I am looking on ebay and I see that I can get an Ultegra SL 6600 brakeset for about $100 new in box. Does anyone know the difference between these and the newer 6700s?


----------



## Greg Smalter (Jul 16, 2005)

The 6700s are more powerful and are designed to work with the newer 6700 or 7900 levers.

Any combination of levers and brakes will probably still stop your bike fine, but newer levers with older brakes will have the weakest stopping power and newer brakes with older levers will have the strongest. I haven't tried any of the "invalid" combinations so I can't say whether or not they are dangerous (lock your wheel instantly or don' stop you at all), but there are so many other factors in braking I find it hard to believe it makes as much of a difference as Shimano says it does.


----------



## deviousalex (Aug 18, 2010)

Thank you, that was very informative. Do you have a list of these 'invalid' combinations?

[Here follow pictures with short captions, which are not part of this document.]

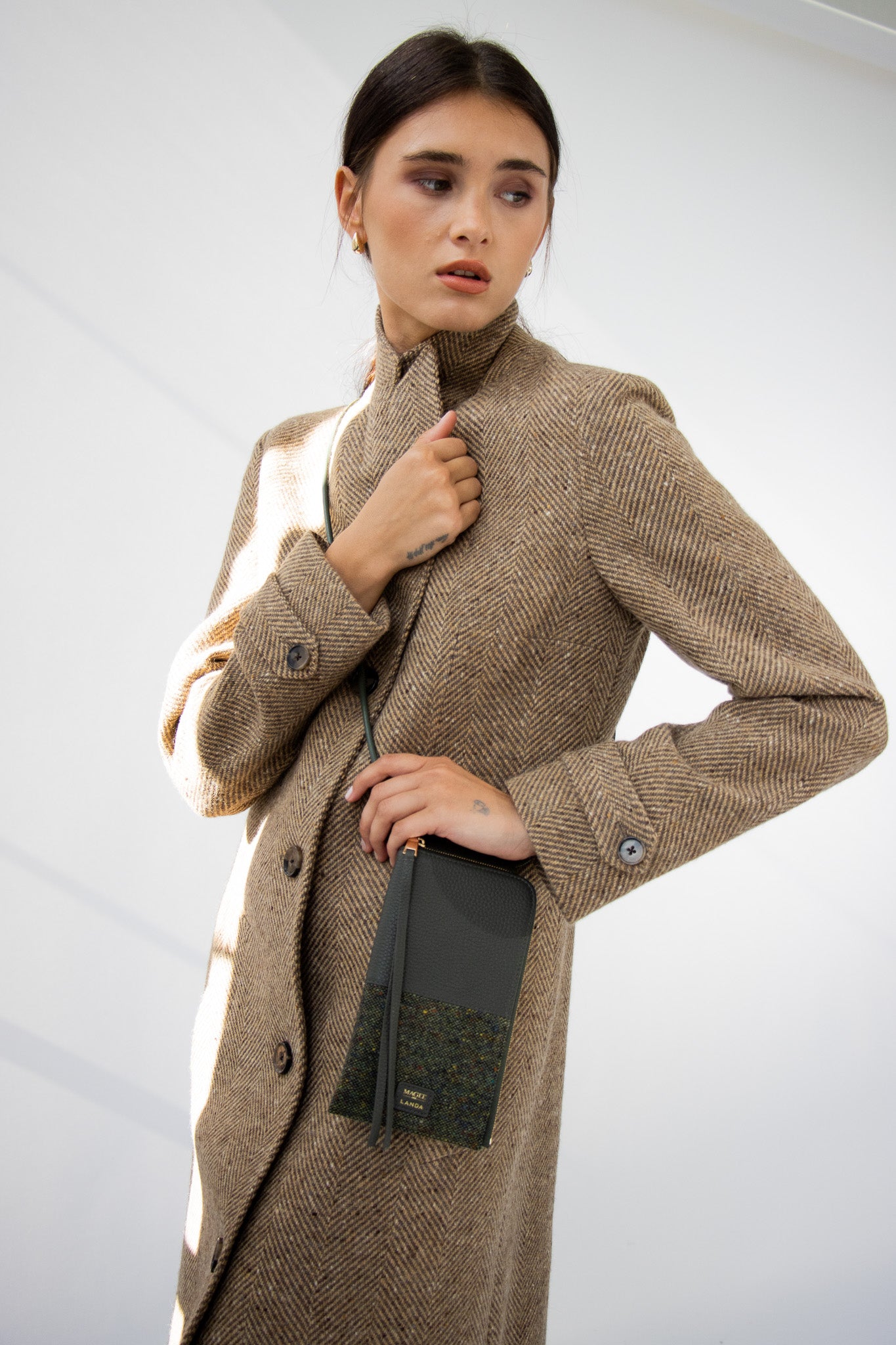 MOYE Leather & Tweed Phone Bag Dark Green – LANDA x Magee 1866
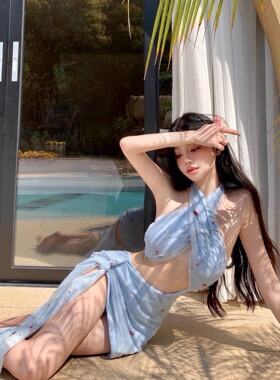 蓝色网纱刺绣小花交叉挂脖设计性感飘带海岛度假带胸垫气质泳衣女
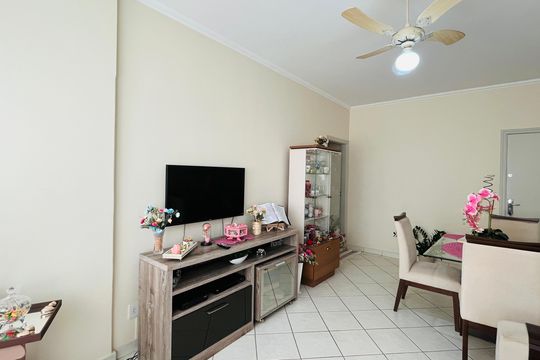Apartamento à venda com 2 quartos, 129m² em Centro, Campinas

I have some 2011 105 shifters and I'm thinking of getting a Ultegra SL 6600-G brakeset, which on ebay runs for about $100 new in box.


----------



## Amfoto1 (Feb 16, 2010)

Reportedly for 2010 Shimano has gone to different brake pads. I haven't used those yet but 6600 and earlier Ultegra pads weren't particularly good and I'd swap them out for Kool Stop as a matter of course... Then they work fine. I'm sure a good set of Swiss Stop pads would do the job, too. 

Aside from that, so long as you stick with a dual pivot caliper brake whenever using levers designed for them, you should be just fine. People get in trouble trying to mix flat bar levers with calipers and road levers with v-brakes or cantilevers. And there are some ultra lightweight or low cost single pivot road calipers around, which I'd avoid unless I were willing to compromise on stopping power in the name of lower weight. 

Some of it comes down to aesthetics. I believe 6600G is the blue/gray finish Ultegra used to be offered in. It's great looking when new, but a little prone to scratching... or at least showing scratches when they inevitably occur. 6600 was also offered in polished silver. I think there was also an SL (super light) version.... which all G are, but not all of the non-G are. In the case of the calipers, it was only worth minor weight savings.


----------



## Greg Smalter (Jul 16, 2005)

deviousalex said:


> Thank you, that was very informative. Do you have a list of these 'invalid' combinations? I have some 2011 105 shifters and I'm thinking of getting a Ultegra SL 6600-G brakeset, which on ebay runs for about $100 new in box.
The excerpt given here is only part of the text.